La critique de Mr K: Dernier élément de la trilogie des Voies de l’ombre, Instinct est aussi à mes yeux le moins réussi du lot. Pour autant, il ne m’a fallu que trois jours pour le dévorer et l’intérêt a toujours été là. Malheureusement certaines scories ont entaché ma lecture et m’ont quelques peu déçu.

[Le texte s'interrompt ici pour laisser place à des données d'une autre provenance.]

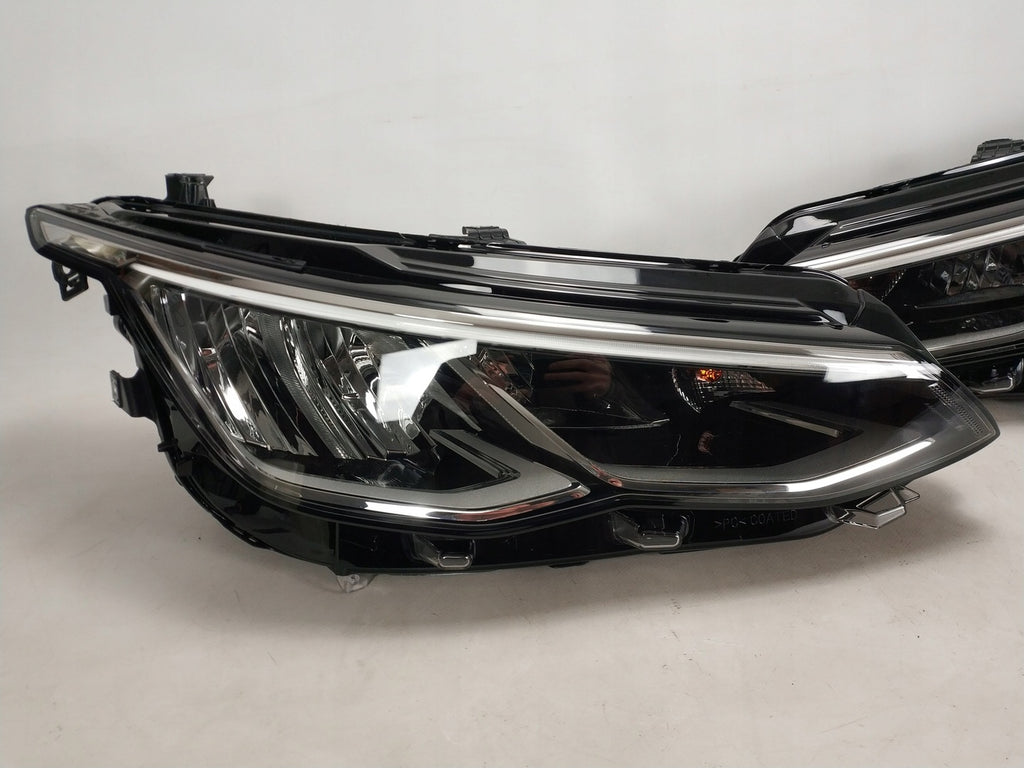 Frontscheinwerfer VW Golf VIII 5H1941005 5H1941006 LED Rechts oder Links SCH8224148521wt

L’action débute treize mois après la fin de Stigmate. Kurtz encore vivant (il est tenace le bougre!) est prisonnier de geôliers inconnus sur une terre glaciaire. Pendant la moitié du livre, on suit ses difficultés pour comprendre où il est et pourquoi. On suit aussi ses errances spirituelles et notamment le doute qui s’installe peu à peu dans son esprit malade mais néanmoins perfectionniste. C’est un nouveau Kurtz que l’on découvre et même s’il n’est pas touchant (c’est une des plus belles ordures jamais créée en littérature), le lecteur l’aborde autrement et du coup les écrivains évitent ainsi tout sentiment de lassitude. En parallèle, on suit le destin d’une jeune fille à priori amnésique qui se réveille dans une chambre d’hôpital en Allemagne, entourée d’inconnus. Elle s’enfuit, réchappe de deux tentatives d’assassinat et rentre par ses propres moyens sur Paris. Peu à peu, plane autour de sa personne un mystère diffus, un sentiment de fausseté qui sera révélé dans la deuxième partie du texte.

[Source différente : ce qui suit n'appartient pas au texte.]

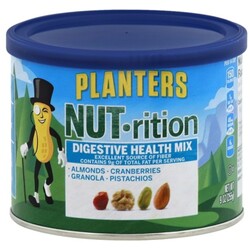 Planters Digestive Health Mix - 29000012462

Puis on change de dimension avec l’irruption des forces de l’ordre et notamment de l’ex commissaire Eliah Daza. Le grand œuvre de Kurtz se met en place et les tenants et aboutissants se font plus clairs. Les pièces se mettent en place et la menace se précise. Inutile de vous dire que le suspens bat son plein jusqu’au final, le tout orchestré sous forme de chapitres très courts de six pages maximum passant de protagonistes en protagonistes en nous laissant sur la touche! C’est remarquablement bien construit et à aucun moment l’ennui ne s’installe. À noter que les auteurs ont glissé à la fin du récit des facs-similés des carnets intimes rédigés par Kurtz afin de justifier certains de ces actes et lever le voile sur certaines ellipses du récit.

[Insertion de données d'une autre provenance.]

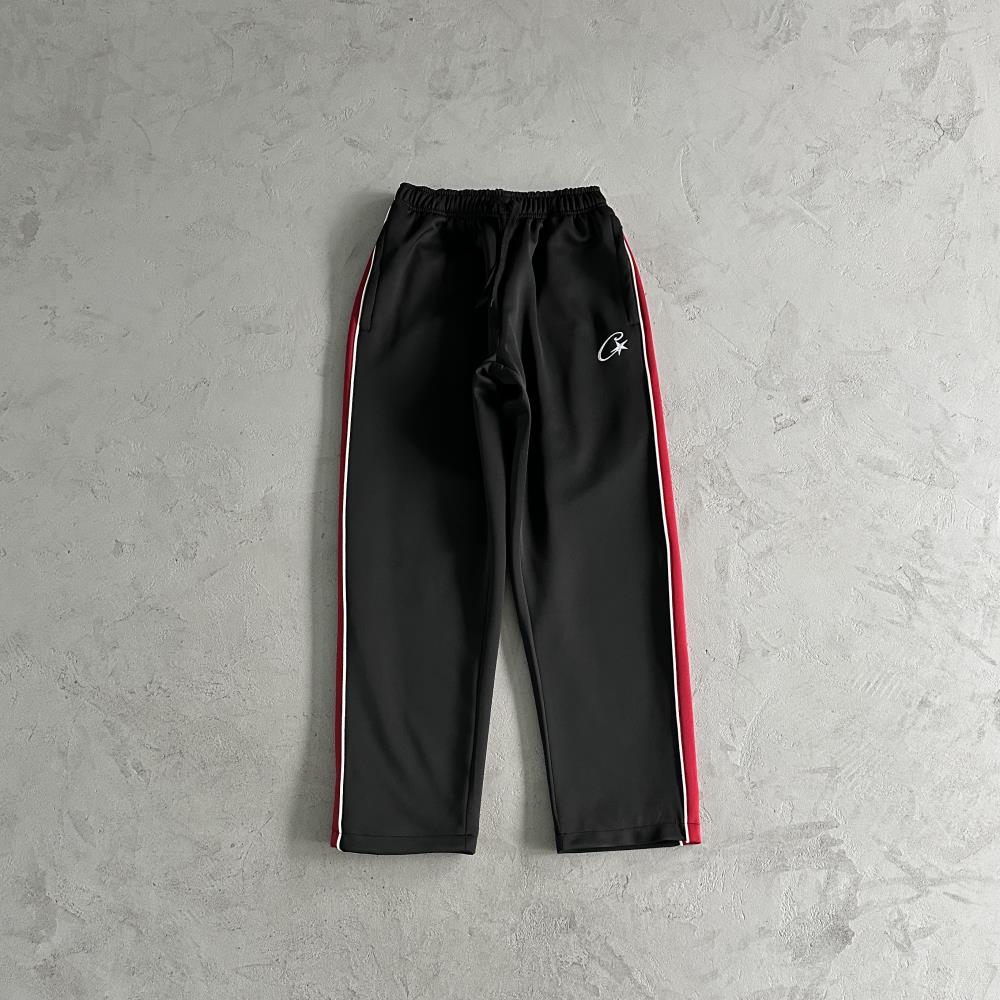Crtez Shotta Set - Black/Red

Mais voila… nul n’est parfait et j’ai trouvé cet ouvrage un ton en dessous des précédents. La faute essentiellement à nombre d’invraisemblances qui parsèment ce volume, des événements qui ne collent pas, que les auteurs ont rajouté pour augmenter la dose de terreur mais qui au final alourdissent et font perdre en crédibilité au récit. Du coup, on y croit moins contrairement aux deux premiers tomes excellents en terme de réalisme et de cohérence. De plus, les auteurs se répètent, ressassent et semblent parfois faire du surplace (les états d’âme des personnages c’est bien... mais faut pas pousser!). Enfin des expressions reviennent régulièrement et traduisent de façon très visible la médiocrité littéraire de l’ensemble déjà remarquée dans le volume 1 Predation (l'expression "le cœur au bord des lèvres" revient 8 fois en 500 pages).

Avis mitigé donc pour Instinct. Je ne vais pas pour autant bouder mon plaisir face à une trilogie vraiment prenante qui, même si elle ne se termine pas dans l’apothéose désirée, est réussie et a le mérite de tenir en haleine ses lecteurs.